Li Deng received the Ph.D. degree from the University of Wisconsin-Madison. He joined Dept. Electrical and Computer Engineering, University of Waterloo, Ontario, Canada in 1989 as an Assistant Professor, where he became a Full Professor with tenure in 1996. From 1992 to 1993, he conducted sabbatical research at Laboratory for Computer Science, Massachusetts Institute of Technology, Cambridge, Mass, and from 1997-1998, at ATR Interpreting Telecommunications Research Laboratories, Kyoto, Japan. In 1999, he joined Microsoft Research, Redmond, WA as a Senior Researcher, where he is currently a Principal Researcher. Since 2000, he has also been an Affiliate Professor in the Department of Electrical Engineering at University of Washington, Seattle, teaching the graduate course of Computer Speech Processing. His current (and past) research activities include automatic speech and speaker recognition, spoken language identification and understanding, speech-to-speech translation, machine translation, language modeling, statistical methods and machine learning, neural information processing, deep-structured learning, machine intelligence, audio and acoustic signal processing, statistical signal processing and digital communication, human speech production and perception, acoustic phonetics, auditory speech processing, auditory physiology and modeling, noise robust speech processing, speech synthesis and enhancement, multimedia signal processing, and multimodal human-computer interaction. In these areas, he has published over 300 refereed papers in leading journals and conferences, 3 books, 15 book chapters, and has given keynotes, tutorials, and lectures worldwide. He is elected by ISCA (International Speech Communication Association) as its Distinguished Lecturer 2010-2011. He has been granted over 40 US or international patents in acoustics/audio, speech/language technology, and other fields of signal processing. He received awards/honors bestowed by IEEE, ISCA, ASA, Microsoft, and other organizations.
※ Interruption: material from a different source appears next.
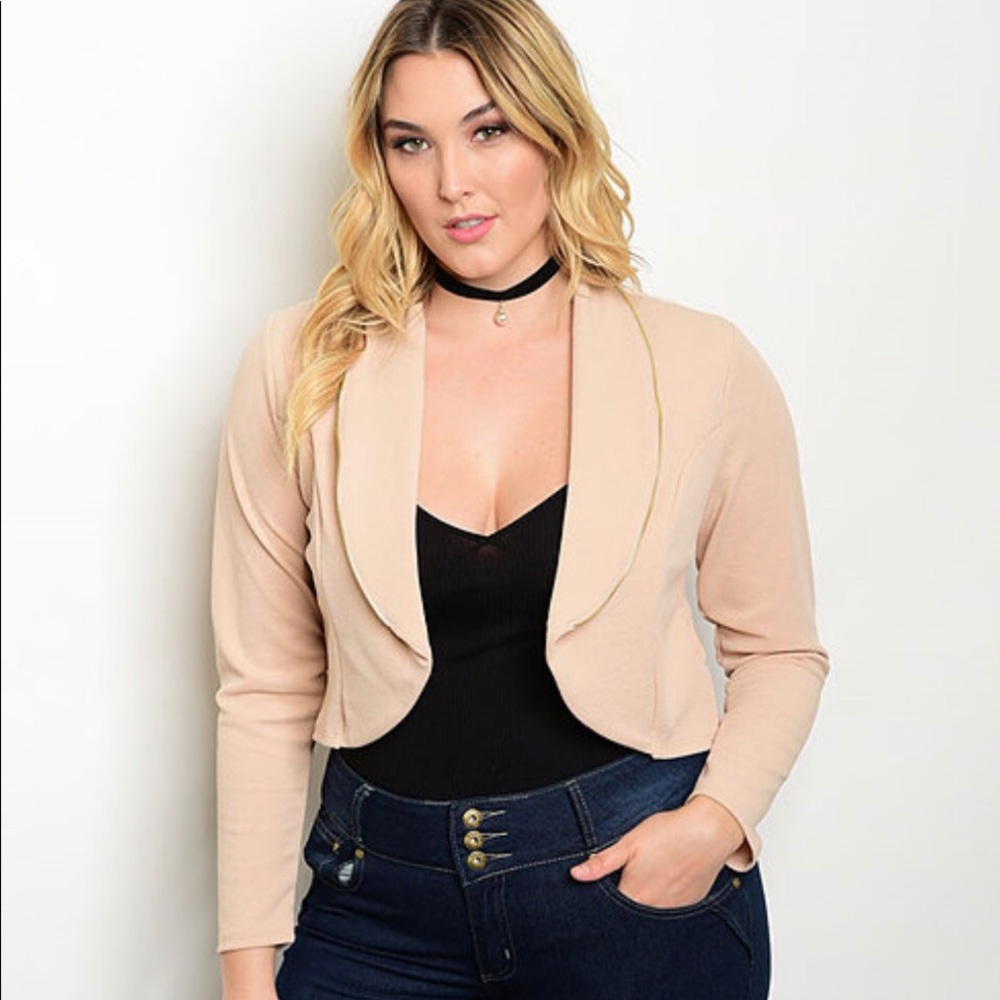 Beige cream jacket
He is a Fellow of the Acoustical Society of America, and a Fellow of the IEEE. He serves on the Board of Governors of the IEEE Signal Processing
Society (2008-2010), and as Editor-in-Chief for the IEEE Signal Processing Magazine (2009-2011), which ranks consistently among the top journals with the highest citation impact. According to the Thomson Reuters Journal Citation Report, released June 2010, the SPM has ranked first among all IEEE publications (125 in total) and among all publications within the Electrical and Electronics Engineering Category (245 in total) in terms of its impact factor.